Ce mois-ci, dans le cadre des Vases Communicants, j'échange avec Christophe Sanchez autour de la figure du père. 
Ci-dessous, son texte « L'espingouin ». 
Retrouvez le mien intitulé « De mon père » sur son blog ici.
Cette édition des Vases Communicants est dédiée à Francis Royo disparu le 14 mai dernier.

L’espingouin

Tu as dans le cœur des années en martyres, des aïeux en Espagne, des vieux sous les paupières qui grêlent tes nuits de sombres rêves. Ton nom est porté comme une croix, toi qu’on nomme l’immigré alors que tu es né ici comme Martin et Durand. Tu tangues, décroches des espagnolettes à toutes les fenêtres, chasses la jota à tous les coins de rue.
La honte sur les épaules, tu les redresses face au mur des origines. On te parle de Franco, tu ne sais pas qui est cet homme qu’on accuse. Alors tu plantes ton père - el caudillo - à coups de banderilles parce qu’il ne dit rien de ce qu’il a fui. Tu tues ta mère qui, dans sa tête restée là-bas, longe des « barrios » inconnus. Tu méprises leur langue devenue « fragnole ». Tu ne dis pas « Santchez » mais « Sanché » avec le ridicule de la prononciation qui baigne dans ta bouche.
Tu veux t’affranchir, faire plus français que français, t’arracher de ta condition de pauvre espingouin. Tu singes le parisien, celui qui parade dans tes années soixante.
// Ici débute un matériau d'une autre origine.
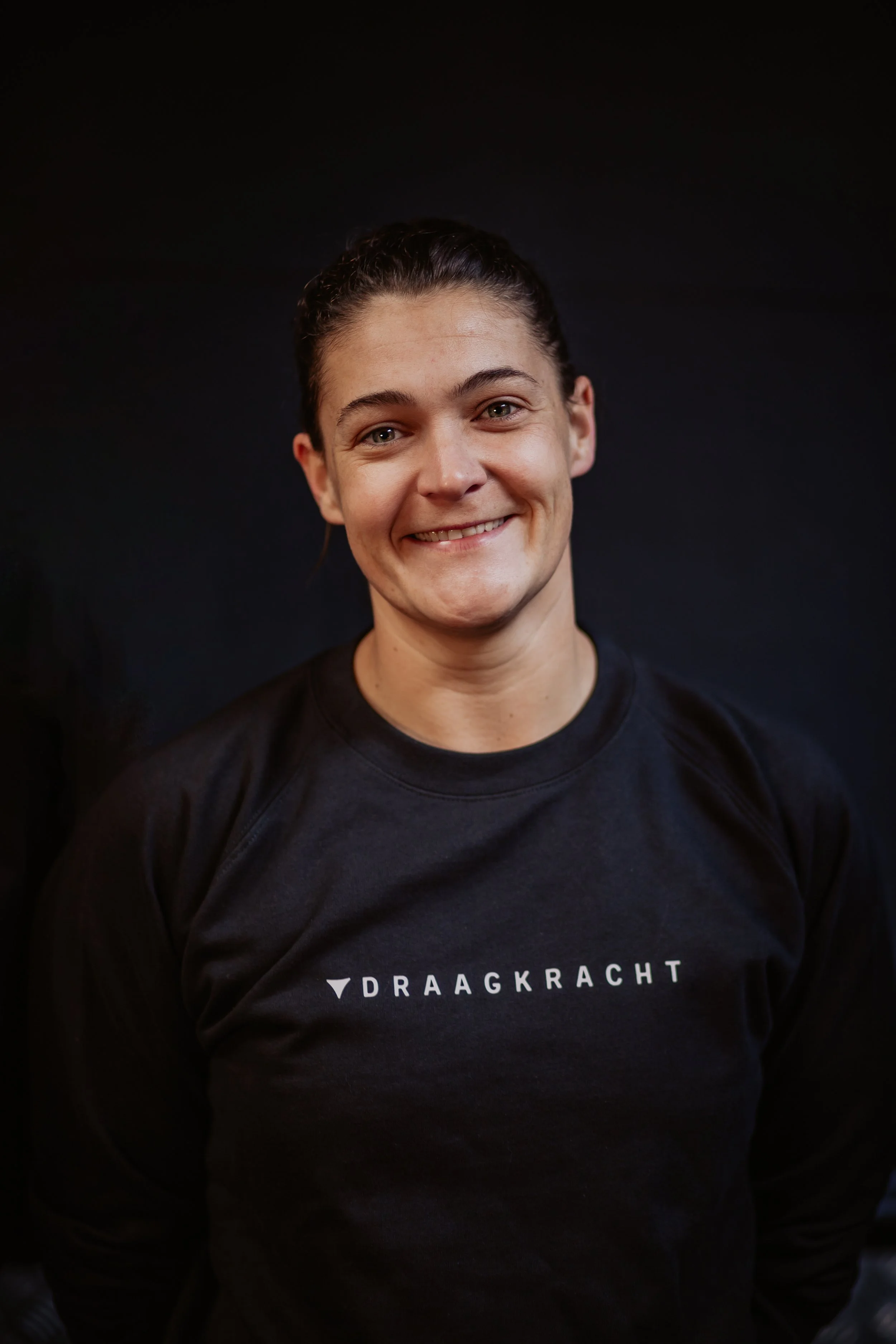 Young woman with a smile, holding a thick rope in a gym or fitness facility.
Tu joues au fringant jeune homme, costume noir et cravate sur chemise blanche. Tu rêves de courir les rues sur une Vespa avec une sémillante demoiselle aux cheveux gaufrés.
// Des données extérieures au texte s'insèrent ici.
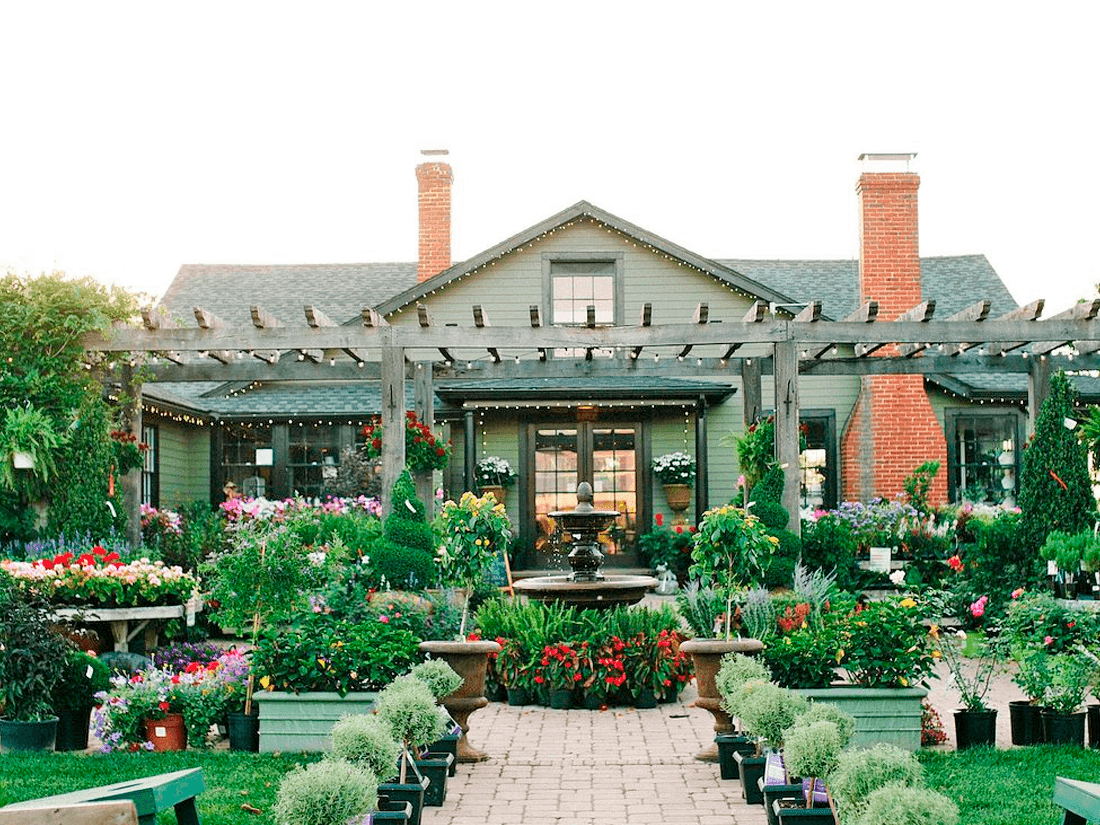 Exterior view of The Market At Grelen House with a fountain and Various Plants near Inn at Willow Grove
Mais tu es d’une famille modeste et tu y resteras. Tu es d’origine espagnole et tu es pauvre. Tu es ici parce que la France a eu besoin de tes parents. Main d’œuvre peu coûteuse pour reconstruire et, pour eux, un rêve de liberté qui les a poussés à traverser la frontière. Mais depuis que tu es en âge, ton quotidien est à la vigne, à manger des cailloux sous un ciel de labeur noir. Tu ne portes pas le costume. Tu es étranger de sang et tu dois au pays – à ton pays – besogne et sueur pour mériter le pain de ta famille. Tu traînes ta mélancolie en bleu de travail et godillots à crampons. Mon père à mots brisés, mon père à rêves évaporés ! Tu es à la vigne pour la battre, lui faire cracher le vin dont tu n’auras que quelques gouttes.
Tu t’uses à ses souches et souffriras à jamais des tiennes.